Belkov, 32, is now in his sixth season with the team and has a strong list of successes, including stage 9 in the 2013 Giro d’ Italia and second in the Russian Time Trial championships this year. He also earned the mountains classifications in 2015 for both the Tour de Romandie and Tour of Austria.
“Maxim is an important building block for us because of his vast experience, but also his class as a rider. This year he displayed this again at the Giro, where he was an important supporter for his captain Zakarin,” said general manager José Azevedo.
31-year-old Kochetkov is currently in his sixth season with the team as a strong support rider, but he also won the Russian road championships last year. In addition he has stage wins in both the Tour des Pays de Savoie and Tour of Bulgaria in 2011. He has also worn the KOM jersey in the Giro d’Italia back in 2015 and won the green sprint jersey in the 2012 Czech Cycling Tour.
“Pavel has been a bit unhappy this season with injuries from crashes. Despite this, he is an important rider in the teams built for Ilnur Zakarin and he will be particularly important in a future Grand Tour,” said Azevedo.
21-year-old Claudia Cretti (Valcar-PBM) continues to make progress following her horrific crash in Stage 7 of the Giro Rosa earlier this month, in which she struck a guardrail with her head while traveling at 90 kph (55 mph).
“Claudia moves well and is curious. She is listening to audio and viewing photos on her smartphone,” Cretti’s mother Laura Bianchi said via Facebook.
Bianchi said that Cretti could soon be moved to a rehabilitation centre closer to the family’s home.
While doctors could not give a timeline for her recovery at such an early date, they are encouraged by her progress so far, particularly since initial fears were that she could have suffered permanent brain damage.
Cretti had scored a top-ten result on a stage two days before her accident.
Team Sky is set to sign 20-year-old Russian Pavel Sivakov, winner of the Baby Giro d’Italia and Giro della Valle d’Aosta, according to Cycling Weekly. Sivakov took over the lead of the race on the third stage and defended it from that point on.
“I never thought I’d win the Giro d’Italia this year. It is just crazy,” he said. “I am super happy and the team is just amazing. This victory is not just mine, it is their victory also. They did a great job all week. I never saw the team so strong.”
He also took second and third in the points and KOM classifications, respectively.
This revelation comes on the heels of BMC announcing an end to its development team. While not directly citing the Sivakov situation, team manager Jim Ochowicz eluded to it in his rationale for ending the programme.
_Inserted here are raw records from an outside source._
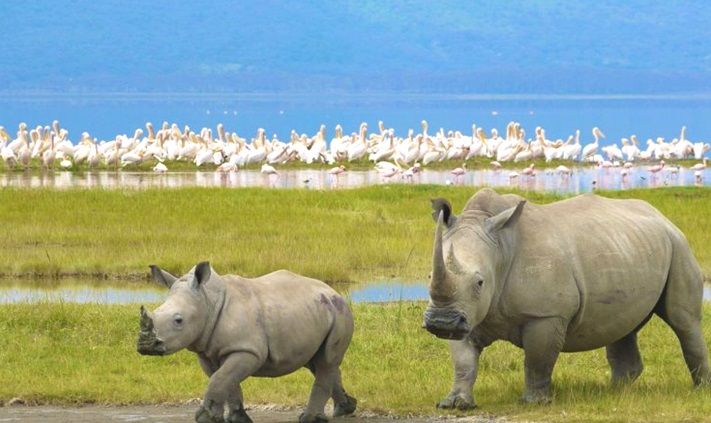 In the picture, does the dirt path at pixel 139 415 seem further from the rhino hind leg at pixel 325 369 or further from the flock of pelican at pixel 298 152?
the flock of pelican at pixel 298 152

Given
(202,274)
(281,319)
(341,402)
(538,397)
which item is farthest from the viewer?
(538,397)

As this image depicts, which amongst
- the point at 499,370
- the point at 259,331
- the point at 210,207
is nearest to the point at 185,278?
the point at 259,331

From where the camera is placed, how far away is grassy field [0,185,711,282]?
19781 millimetres

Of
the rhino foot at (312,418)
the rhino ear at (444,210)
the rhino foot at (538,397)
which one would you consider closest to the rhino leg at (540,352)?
the rhino foot at (538,397)

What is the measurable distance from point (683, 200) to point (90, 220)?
9.96m

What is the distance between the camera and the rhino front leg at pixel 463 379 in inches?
390

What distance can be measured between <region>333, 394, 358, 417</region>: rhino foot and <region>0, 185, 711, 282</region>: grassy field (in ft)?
30.5

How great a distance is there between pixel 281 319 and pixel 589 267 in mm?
2034

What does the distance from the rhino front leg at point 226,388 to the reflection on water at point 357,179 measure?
2623cm

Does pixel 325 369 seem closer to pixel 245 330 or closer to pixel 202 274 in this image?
pixel 245 330

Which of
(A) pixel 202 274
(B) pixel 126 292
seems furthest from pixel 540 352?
(B) pixel 126 292

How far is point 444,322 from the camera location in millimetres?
8977

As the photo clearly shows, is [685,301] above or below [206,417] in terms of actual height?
above

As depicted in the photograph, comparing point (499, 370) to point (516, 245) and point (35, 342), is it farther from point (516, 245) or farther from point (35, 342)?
point (35, 342) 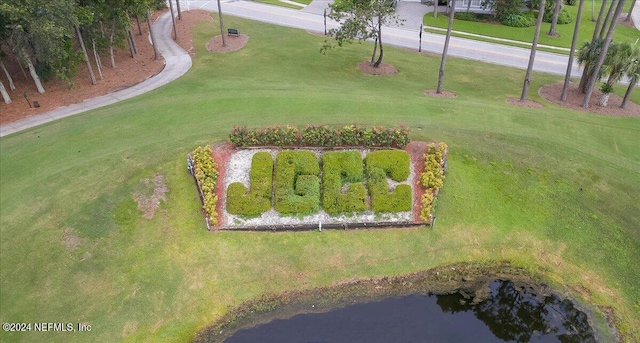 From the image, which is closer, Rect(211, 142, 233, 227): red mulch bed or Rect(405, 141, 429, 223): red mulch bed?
Rect(211, 142, 233, 227): red mulch bed

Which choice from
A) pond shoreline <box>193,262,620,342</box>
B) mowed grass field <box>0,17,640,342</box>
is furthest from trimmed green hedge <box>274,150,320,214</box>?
pond shoreline <box>193,262,620,342</box>

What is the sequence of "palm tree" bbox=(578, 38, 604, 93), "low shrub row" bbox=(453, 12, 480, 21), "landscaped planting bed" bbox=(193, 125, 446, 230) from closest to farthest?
"landscaped planting bed" bbox=(193, 125, 446, 230) → "palm tree" bbox=(578, 38, 604, 93) → "low shrub row" bbox=(453, 12, 480, 21)

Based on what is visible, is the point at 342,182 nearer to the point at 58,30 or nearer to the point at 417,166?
the point at 417,166

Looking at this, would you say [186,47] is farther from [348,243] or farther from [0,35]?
[348,243]

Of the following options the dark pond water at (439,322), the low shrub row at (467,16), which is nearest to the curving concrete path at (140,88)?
the dark pond water at (439,322)

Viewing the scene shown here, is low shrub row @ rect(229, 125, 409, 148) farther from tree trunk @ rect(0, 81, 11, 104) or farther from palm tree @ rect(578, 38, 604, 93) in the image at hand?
tree trunk @ rect(0, 81, 11, 104)

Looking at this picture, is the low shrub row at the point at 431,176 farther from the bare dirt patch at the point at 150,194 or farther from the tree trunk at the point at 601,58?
the tree trunk at the point at 601,58

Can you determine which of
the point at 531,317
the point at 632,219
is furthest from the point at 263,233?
the point at 632,219

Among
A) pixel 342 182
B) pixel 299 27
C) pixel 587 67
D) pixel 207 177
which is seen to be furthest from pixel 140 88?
pixel 587 67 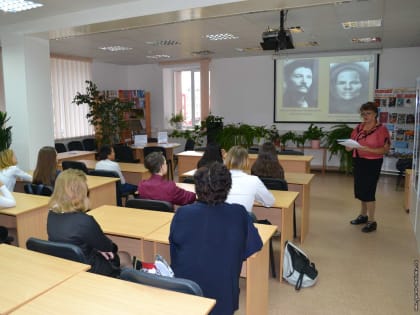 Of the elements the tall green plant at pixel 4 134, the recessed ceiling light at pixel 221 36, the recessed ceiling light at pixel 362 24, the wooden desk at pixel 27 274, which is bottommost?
the wooden desk at pixel 27 274

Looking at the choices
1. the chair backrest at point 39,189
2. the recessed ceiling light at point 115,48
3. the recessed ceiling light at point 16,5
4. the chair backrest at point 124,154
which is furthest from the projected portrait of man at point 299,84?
the chair backrest at point 39,189

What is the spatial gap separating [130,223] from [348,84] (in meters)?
7.73

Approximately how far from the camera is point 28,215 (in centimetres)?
356

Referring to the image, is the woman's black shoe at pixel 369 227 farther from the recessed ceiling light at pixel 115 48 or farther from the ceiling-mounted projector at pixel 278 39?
the recessed ceiling light at pixel 115 48

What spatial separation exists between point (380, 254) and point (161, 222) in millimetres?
2705

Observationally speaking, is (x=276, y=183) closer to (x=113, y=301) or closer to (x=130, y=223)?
(x=130, y=223)

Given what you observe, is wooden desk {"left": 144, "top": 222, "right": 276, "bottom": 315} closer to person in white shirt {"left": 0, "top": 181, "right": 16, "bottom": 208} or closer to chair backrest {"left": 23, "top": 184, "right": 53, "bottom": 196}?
person in white shirt {"left": 0, "top": 181, "right": 16, "bottom": 208}

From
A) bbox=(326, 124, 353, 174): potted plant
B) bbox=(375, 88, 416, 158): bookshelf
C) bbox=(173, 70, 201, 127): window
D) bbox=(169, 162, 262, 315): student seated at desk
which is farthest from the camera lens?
bbox=(173, 70, 201, 127): window

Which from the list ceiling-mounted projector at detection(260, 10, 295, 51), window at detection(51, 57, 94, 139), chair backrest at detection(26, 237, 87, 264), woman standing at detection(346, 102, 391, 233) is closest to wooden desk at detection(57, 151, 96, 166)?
window at detection(51, 57, 94, 139)

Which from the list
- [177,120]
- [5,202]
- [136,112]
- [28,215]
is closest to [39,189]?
[28,215]

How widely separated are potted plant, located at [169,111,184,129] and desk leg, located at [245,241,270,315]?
8.85 meters

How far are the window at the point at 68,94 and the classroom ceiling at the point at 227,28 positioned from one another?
13.9 inches

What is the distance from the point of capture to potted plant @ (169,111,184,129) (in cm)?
1130

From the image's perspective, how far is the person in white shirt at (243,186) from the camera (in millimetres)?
3199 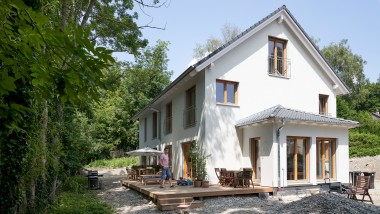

“Unlike prior years, the athletes today are for the most part being managed by rider agents,” Ochowicz said. “These rider agents then propose these athletes to other teams who may or may not invest in such a program. In essence, we are now developing athletes at a cost for both our team and other teams. The UCI offers no protection to development teams and no regulations exist that protect their investment or the transfer of riders from team to team.”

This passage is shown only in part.